MATERIAL SHOWN START

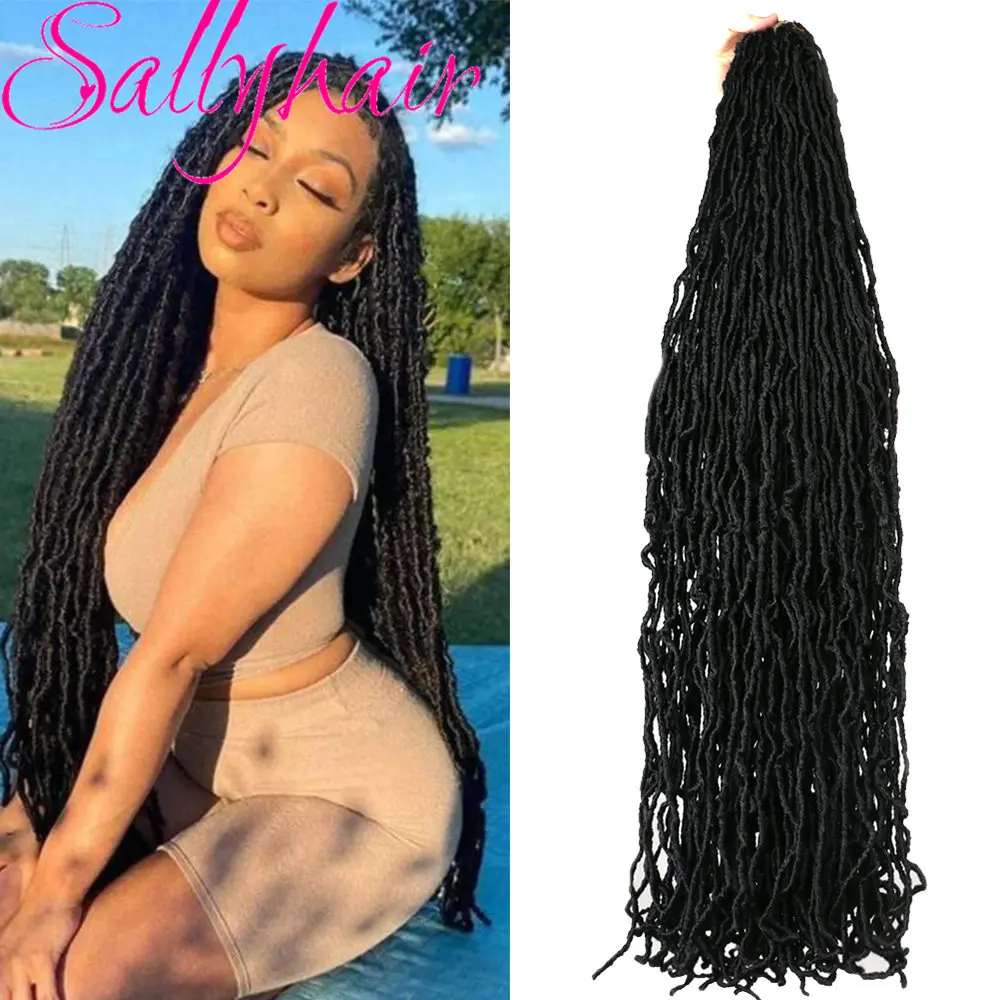 

Sallyhair Synthetic 36inch Long Nu Locs Crochet Braid Hair Ombre Goddess Faux Locs Black Crochet Braids Hair Extensions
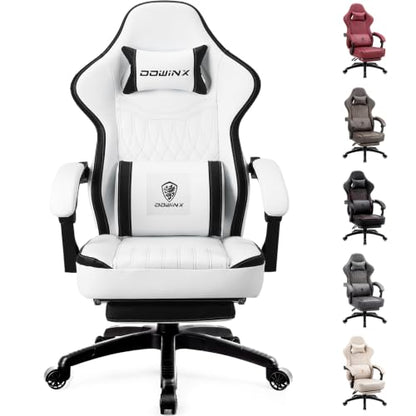 Dowinx Gaming Chair Breathable PU Leather Gamer Chair with Footrest Massage Lumbar Support, Big and Tall Ergonomic Reclining Computer Chair with Pocket Spring Cushion for Adults Teens (Black&White) - color: Black&white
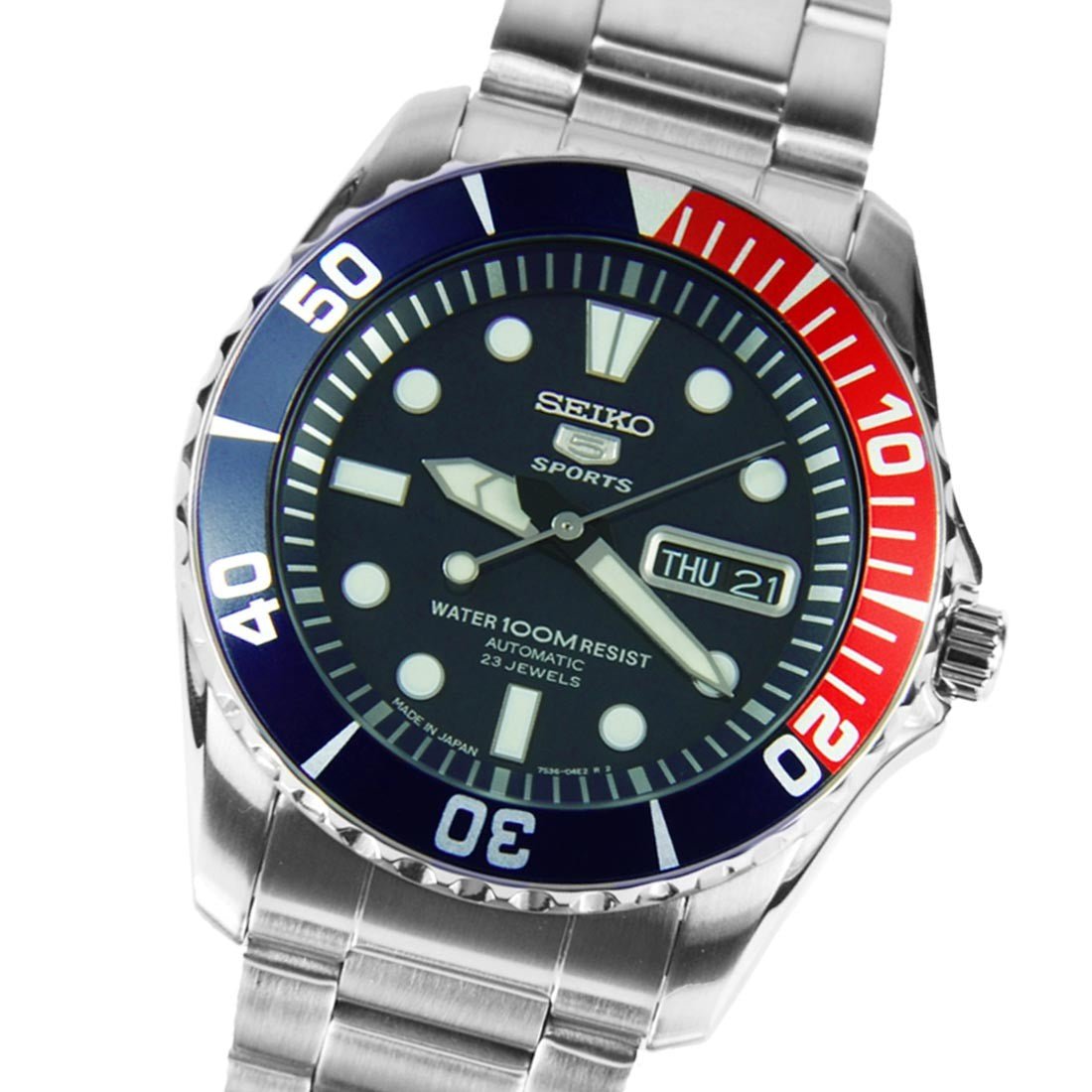 Seiko 5 Sports SNZF15J1 SNZF15 SNZF15J Pepsi Bezel Watch -Seiko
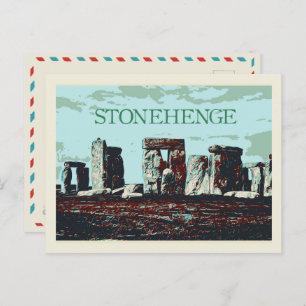 Stonehenge, England illustration Great Britain UK Postcard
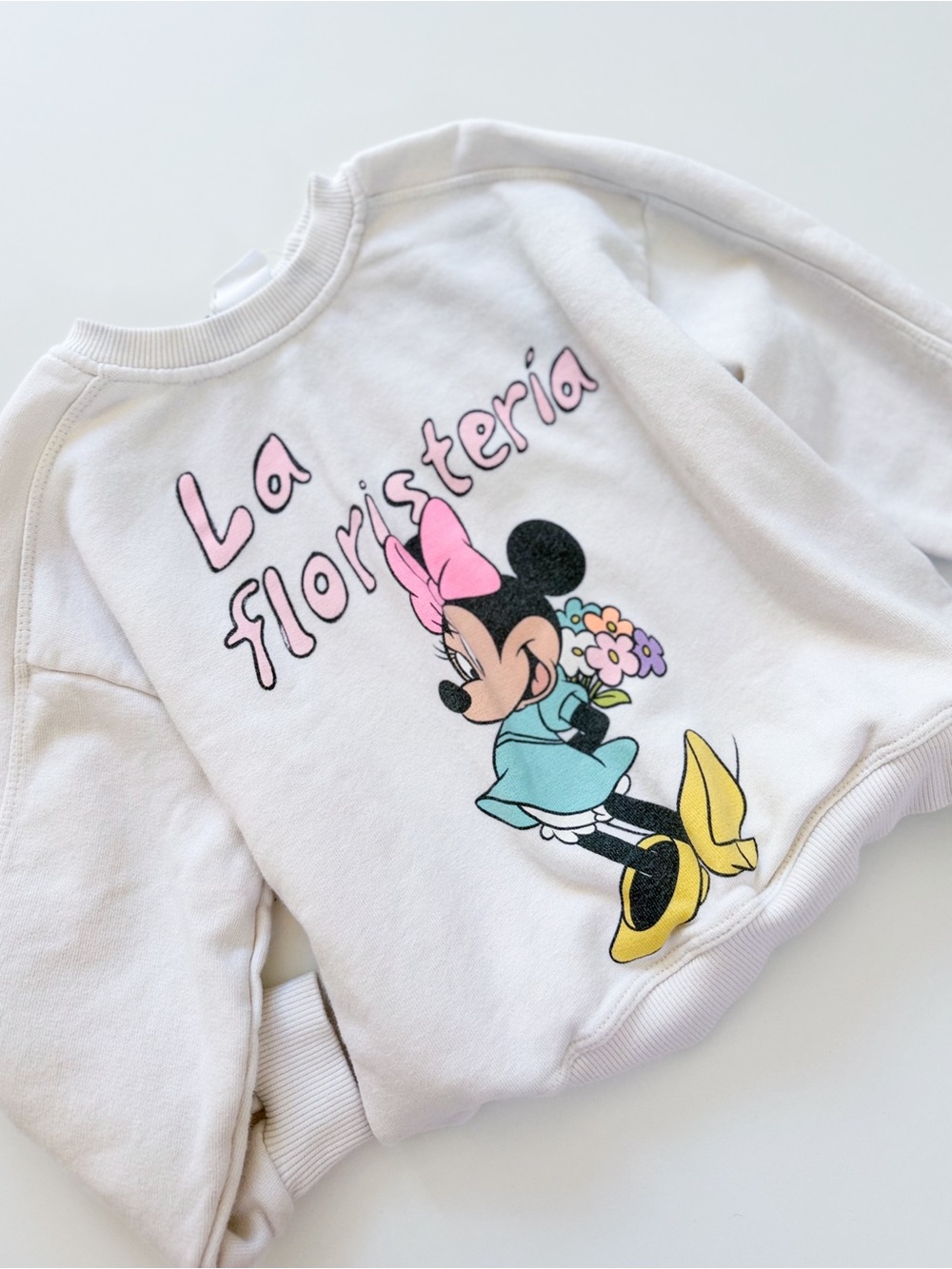 Zara White Kids Sweatshirt with Minnie Graphic and Pastel Accents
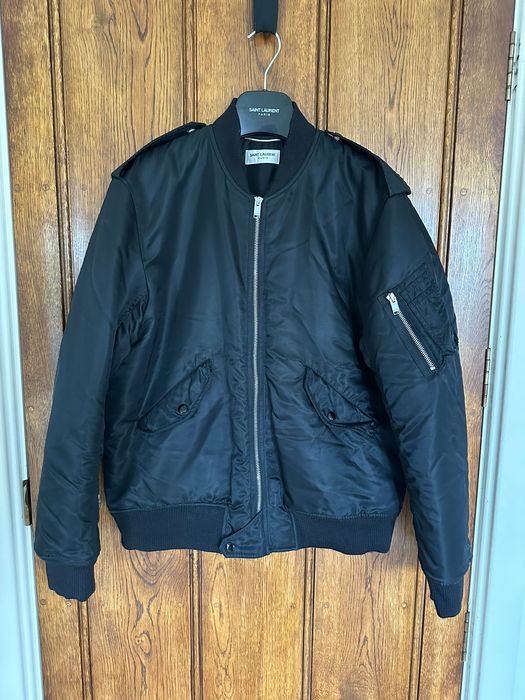 Saint Laurent Paris $2490 Saint Laurent MA-1 black bomber jacket Grail ...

MATERIAL SHOWN END

▶ **WORK REQUIRED**
Reproduce the entries above exactly, without images.

▶ **OUTPUT FOR THIS TASK**
Sallyhair Synthetic 36inch Long Nu Locs Crochet Braid Hair Ombre Goddess Faux Locs Black Crochet Braids Hair Extensions
 Dowinx Gaming Chair Breathable PU Leather Gamer Chair with Footrest Massage Lumbar Support, Big and Tall Ergonomic Reclining Computer Chair with Pocket Spring Cushion for Adults Teens (Black&White) - color: Black&white
 Seiko 5 Sports SNZF15J1 SNZF15 SNZF15J Pepsi Bezel Watch -Seiko
 Stonehenge, England illustration Great Britain UK Postcard
 Zara White Kids Sweatshirt with Minnie Graphic and Pastel Accents
 Saint Laurent Paris $2490 Saint Laurent MA-1 black bomber jacket Grail ...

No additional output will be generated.